In contrast, CBS News proclaims: “Entering retirement broke and bankrupt.”  CBS News blames seniors’ plight on “raising the retirement age and requiring seniors to pay more out-of-pocket health care costs, and a shift in risk from government and corporations onto individuals.”  As well, CBS News cites the lack of a private pension, credit card balances, and mortgages that may persist into workers 60s and 70s.  Basically CBS and Mother Jones disagree on the circumstances of seniors’ plight, but they agree on whom to blame – the “1 percenters.”  What a surprise.

Our increasing retirement age is aligned with increasing life expectancy.  Health care costs are incurred over our longer life and our system is designed so that ordinary people (not just seniors) pay the cost.  Credit card balances are a result of people’s independent spending choices and excesses are routinely avoided by those who choose self-discipline.  Furthermore, anyone paying attention will acknowledge that they have a personal obligation to save for retirement.

Workers participating in employer retirement plans save between 6.2% and 7.5% of their wages.
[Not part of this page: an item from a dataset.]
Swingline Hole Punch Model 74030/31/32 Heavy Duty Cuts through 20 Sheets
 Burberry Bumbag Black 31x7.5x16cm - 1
These are unlikely to become retirees who are “broke and bankrupt.”  People without an employer retirement plan can see retirement coming decades before it hits, and they need to put funds aside for that day.

If the social safety net is expanded to bolster low income levels (including pension inadequacies), health care costs, credit card excesses, and delinquent mortgages, total government largesse will create a huge sinkhole in everyone’s net income.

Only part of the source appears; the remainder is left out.